- News>
- Economy
Inflation eases to 5-year low of 3.17% in January
Retail inflation eased to 3.17 percent in January, its lowest level in at least five years.
New Delhi: Retail inflation eased to 3.17 percent in January, its lowest level in at least five years.
According to data released by the Central Statistics Office (CSO), the fall in retail inflation was mainly due to a drop in the annual food inflation.
Food inflation stood at 0.53 percent last month, lower than 1.37 percent in December.
The Consumer Price Index-based inflation was at 5.69 percent in January last year.

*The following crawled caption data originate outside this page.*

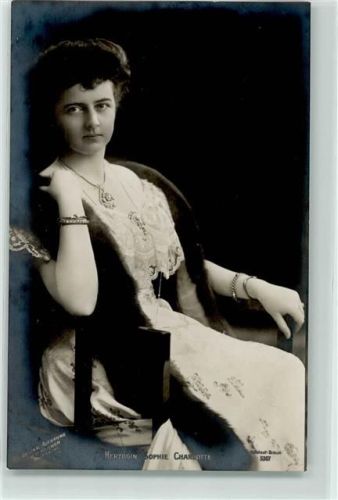 Oldenburg 1906 Herzogin Sophie Charlotte von Oldenbug
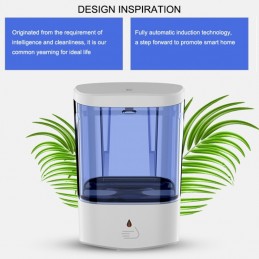 Dispensador automático de jabón o desinfectante liquido capacidad de 700 ml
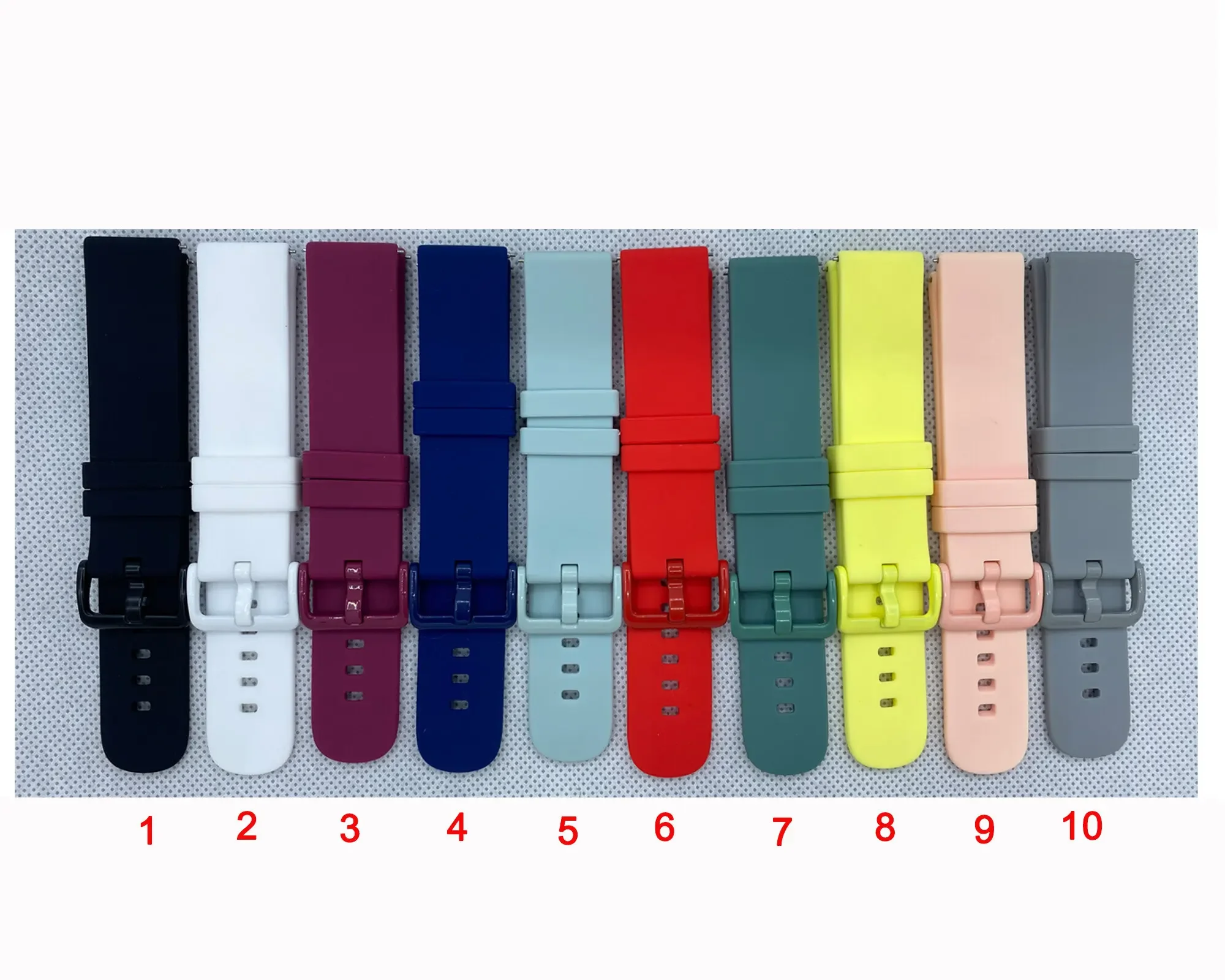 Soft Waterproof Silicone Band Strap, Available in 18mm, 20mm, and 22mm Sizes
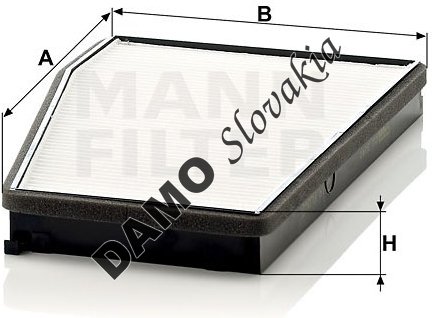 Kabínový filter MANN FILTER CU 3040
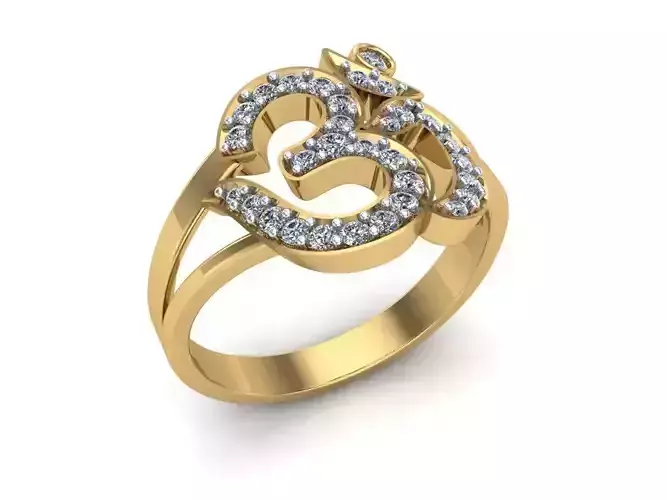 Om Ring - 24019 3D print model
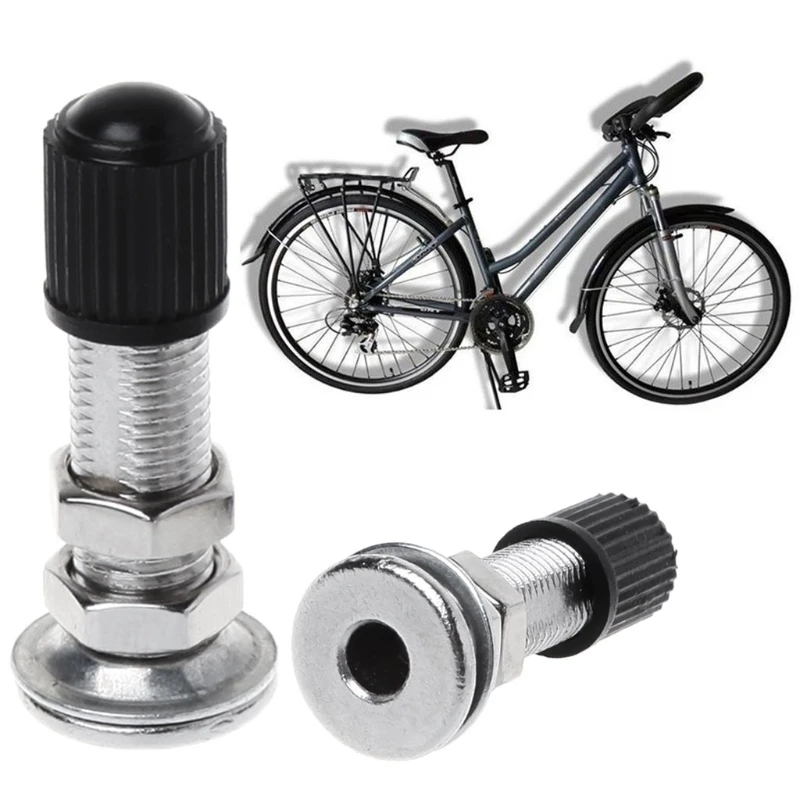 

B36F 2 шт., клапаны для велосипедных шин из цинкового сплава, удлиненные клапаны для внутренних шин, клапаны для шин для горного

Headline inflation has been under 4 percent since November, well below the RBI's 5 percent target for March and medium-term target of 4 percent.
Low inflation led many to believe the central bank would cut the repo rate last week. But a pick-up in global crude prices, a volatile foreign exchange market, and relatively high domestic non-food and non-fuel inflation have fuelled concerns among RBI officials.
Last week, the RBI shocked investors by holding at 6.25 percent and shifting its monetary policy stance to "neutral" from "accommodative".
RBI has projected retail inflation in the range of 4 to 4.5 percent in the first half of 2017-18 fiscal and between 4.5 percent to 5 percent in the second half.
The monetary policy committee said it is "committed to bringing headline inflation closer to 4.0 percent on a durable basis and in a calibrated manner" and this requires further "significant decline in inflation expectations, especially since the services component of inflation that is sensitive to wage movements has been sticky.
"The committee decided to change the stance from accommodative to neutral while keeping the policy rate on hold to assess how the transitory effects of demonetisation on inflation and the output gap play out," the resolution of the Monetary Policy Committee said.